- **GIVEN MATERIAL**
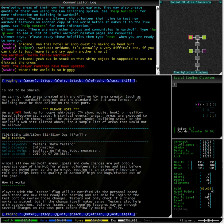Almost all new Ardwolf areas, goals and code changes are put into a separate copy of the mud for player volunteers to review and test before they are moved over to the main mud. Testing is an extremely important role and helps keep the quality of Ardwolf high and bugs and crashes out of the game.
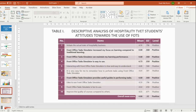The first table shows the descriptive analysis of hospitality TVS students' attitude towards the use of FORD. The overall mean score is positive, with a mean of 4.66. Item 4 has the highest mean of 4.73, indicating that the Front Office Star Simulator is easy to use. Three items share the same mean of 4.68: Item 2 — Front Office Star Simulator increases my focus on learning compared to traditional learning; Item 3 — Front Office Star Simulator can maintain my learning performance; and Item 7 — Front Office Star Simulator provides a useful guide in performing tasks.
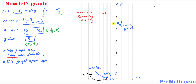The axis of symmetry acts like a mirror — it's just like a reflection. Whatever you see on one side, its reflection appears on the other. The y-intercept is at 9, so its reflection through the axis of symmetry gives us another point at (negative 3, 9).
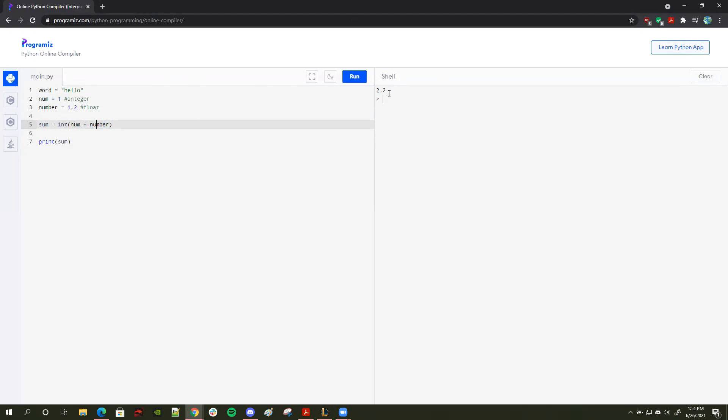And the way integers work in Python is that it always rounds down. So if we have 2.2, this will go to a 2. If this was for say 2.9, it will still be 2 because it will round down. Python never rounds up, if that makes sense.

- **REQUIREMENT**
Write out again exactly the lines from the start of the data above through the line containing "The first table", inclusive, excluding any pictures.

- **RESULT OF THE TASK**
Almost all new Ardwolf areas, goals and code changes are put into a separate copy of the mud for player volunteers to review and test before they are moved over to the main mud. Testing is an extremely important role and helps keep the quality of Ardwolf high and bugs and crashes out of the game.
The first table shows the descriptive analysis of hospitality TVS students' attitude towards the use of FORD. The overall mean score is positive, with a mean of 4.66. Item 4 has the highest mean of 4.73, indicating that the Front Office Star Simulator is easy to use. Three items share the same mean of 4.68: Item 2 — Front Office Star Simulator increases my focus on learning compared to traditional learning; Item 3 — Front Office Star Simulator can maintain my learning performance; and Item 7 — Front Office Star Simulator provides a useful guide in performing tasks.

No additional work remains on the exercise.